Um critério que solucionaria este impasse, seria adotar a retificação de ofício apenas para erros cuja constatação tenha sido imediata, logo após o registro. A parte já levaria a certidão do ato com a retificação efetuada, não podendo manifestar-se prejudicada. Para erros antigos, conforme exposto acima, adotar-se-ia a retificação motivada por requerimento. Convém lembrar que esta polêmica afeta somente a hipótese prevista na alínea “a”, pois não se tratando de erro evidente, não se pode falar em retificação de ofício, sob pena de estar o oficial agindo na qualidade de interessado, como se parte fosse.

 

2.2.2. Retificação administrativa bilateral

 

Bilateral, conforme consta acima, é a retificação que envolve o assentimento de terceiros. Há a parte requerente e terceiros que devem anuir, como condição sine qua non, para que a retificação seja deferida. Exemplo clássico de retificação administrativa bilateral é a retificação administrativa de área, que conquistou espaço respeitável com o advento de novas exigências relativas a imóveis rurais, como o geo-referenciamento.

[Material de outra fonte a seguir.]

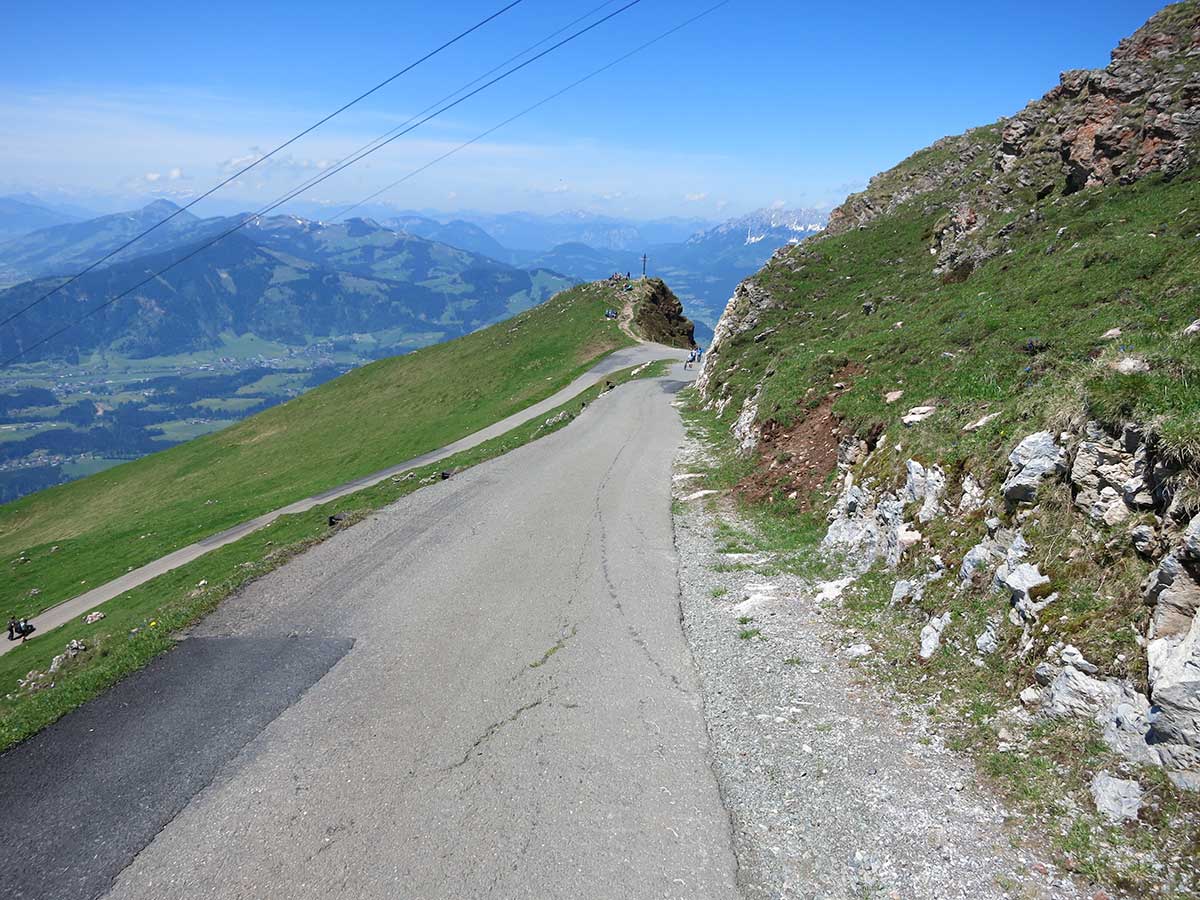 Na Kitzbuhel Horn na cesťáku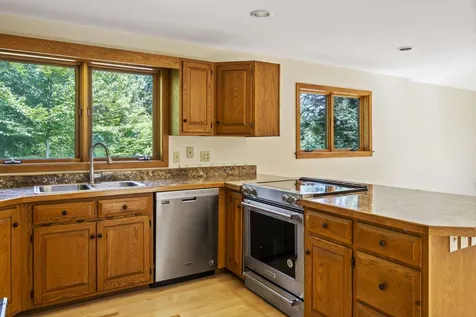 8 Watershed Lane Wilmot NH 03287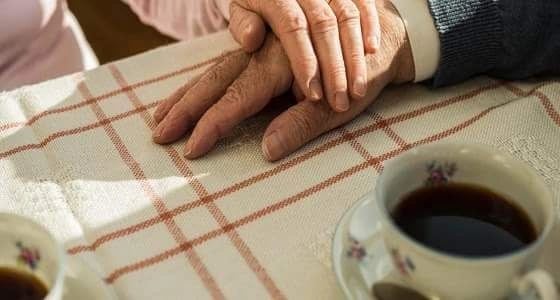 اتفقا على إنهاء حياتهما معاً ولكنها خانت العهد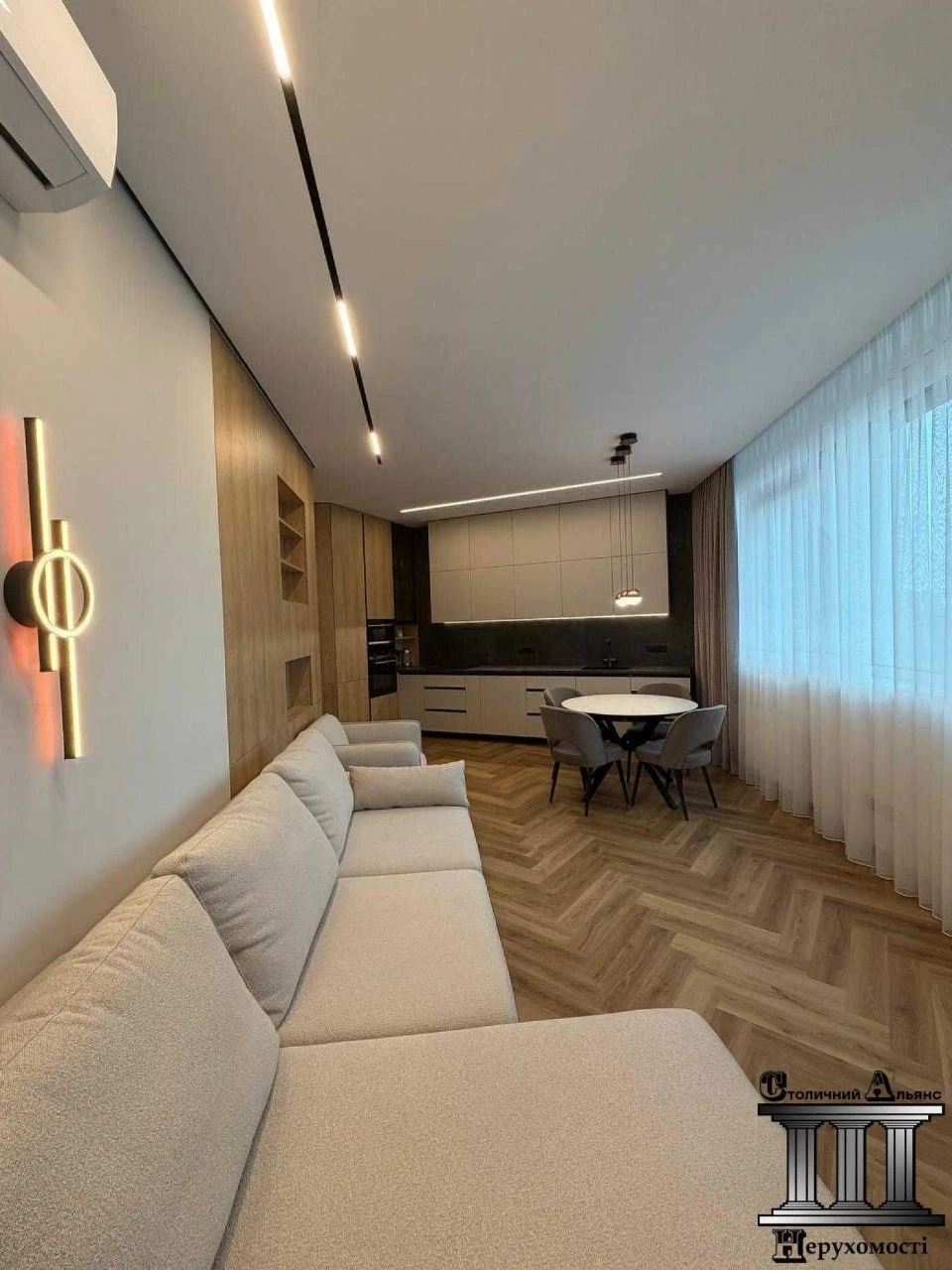 Owner's Listing: Designer Central 2-Bedroom Apartment, 82 sq m, Manhattan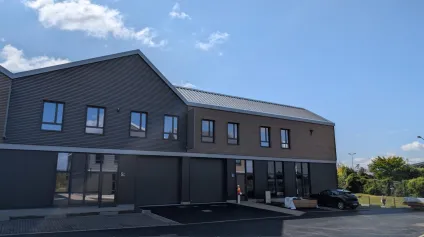 Locaux d’activité à louer à Groslay avec bureaux en mezzanine neufs - Offre immobilière - Arthur Loyd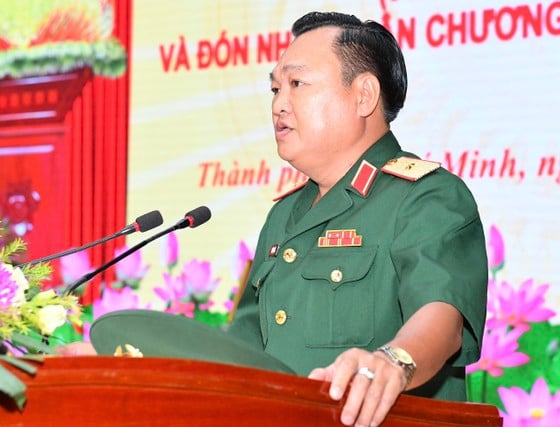 Thiếu tướng Trần Vinh Ngọc, Ủy viên Thường vụ Đảng ủy, Phó Chính ủy Quân khu biểu dương thành tích Báo Quân khu 7 đạt được suốt chặng đường 60 năm hình thành và phát triển. Ảnh: VIỆT DŨNG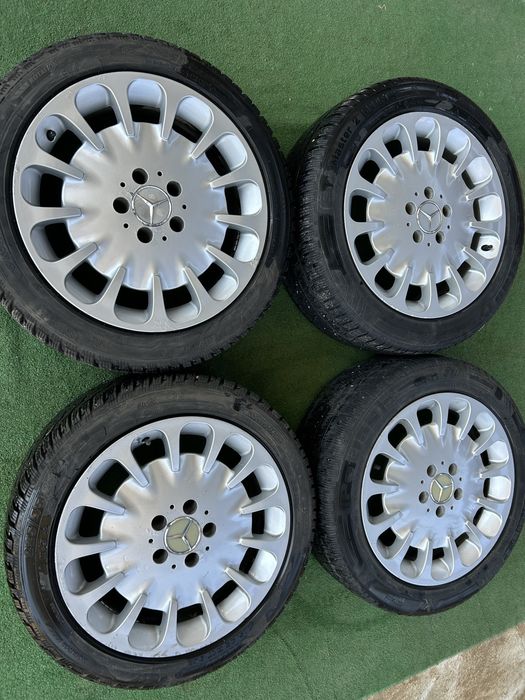 5х112 17 оргинални mercedes ET 38 със зимни гуми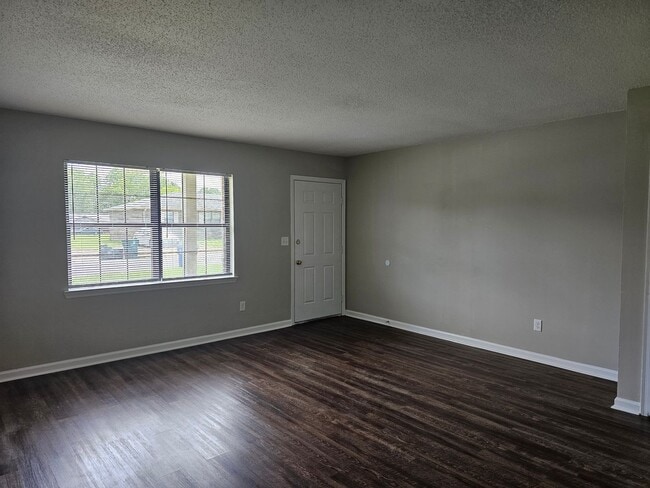 Building Photo - 5007B N. Moore Lane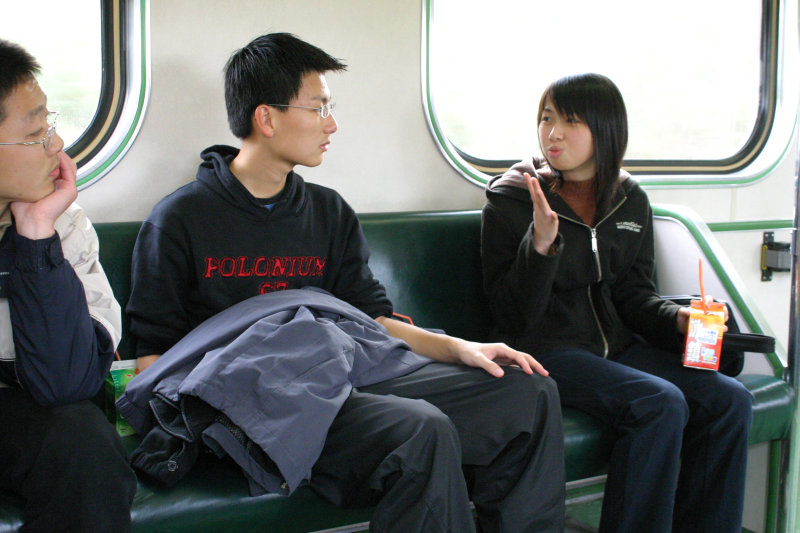 台灣鐵路旅遊攝影電車-區間車交談的旅客2005攝影照片189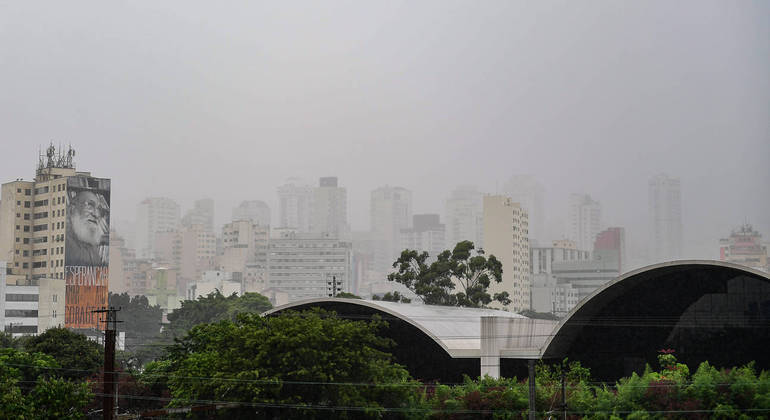 Cidade de São Paulo começa mais uma semana com previsão de pancadas de chuva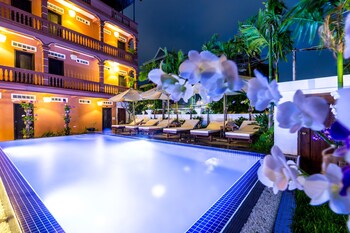 the unique angkor villa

O art. 213, II, e §§ 1 º a 10, da Lei nº. 6.015/73, trata da retificação acima aludida. Cabe ao interessado apresentar requerimento, perante o registro imobiliário competente, acompanhado de planta e memorial descritivo assinado por profissional habilitado pelo CREA, bem como pelos confrontantes do imóvel, juntamente com o respectivo título de propriedade. A indicação dos confrontantes anuentes é de responsabilidade do profissional técnico elaborador do mapa e do memorial descritivo.

Caso falte na documentação a assinatura de algum confrontante, o oficial deve notificá-lo para se manifestar. Havendo anuência, ou não havendo impugnação no prazo legal – hipótese em que se presume a anuência – a retificação é deferida e averbada na matrícula. Havendo impugnação, sem composição amigável, cessa a via administrativa e o oficial remete o processo ao juiz competente, que pode ainda, se a controvérsia versar sobre direito de propriedade, remeter o interessado para as vias ordinárias.

 

 

 

 

 

 

 

 

 

 

 

 

 

3. Conclusão

 

Constituiu o objeto de estudo deste trabalho a análise das diversas formas de retificação existentes no ordenamento jurídico pátrio, concluindo-se que cada uma tem a sua específica função. A expansão da retificação administrativa, pós Lei nº. 10.931/04, representou um verdadeiro avanço no registro imobiliário, por conferir celeridade e praticidade a processos antes longos e laboriosos na via judicial. A retificação judicial, ao contrário do que se poderia deduzir, não perdeu espaço com a ascensão da retificação administrativa, ou pelo menos não de forma significativa. Isto se verificou devido ao alto grau de segurança jurídica proporcionado pela retificação judicial, que tem como principal efeito a coisa julgada, ausente na retificação administrativa. Caberia, então, a reflexão sobre a situação do lugar comum em que a celeridade e a praticidade, exigidas pelo mundo moderno, podem coexistir com a segurança jurídica necessária à paz social.

 

 

 

 

REFERÊNCIAS BIBLIOGRÁFICAS

 

BALBINO FILHO, Nicolau. Registro de imóveis. 10. ed. São Paulo: Saraiva, 2004.

CENEVIVA, Walter. Lei dos notários e registradores comentada (Lei n. 8.935/94). 4. ed. São Paulo: Saraiva, 2002.

DIP, Ricardo. Registro de imóveis: (vários estudos). Porto Alegre: IRIB: Sergio Antonio Fabris Ed., 2005.

MELO JR., Regnoberto Marques de. Lei de registros públicos comentada. Rio de Janeiro: Freitas Bastos, 2003.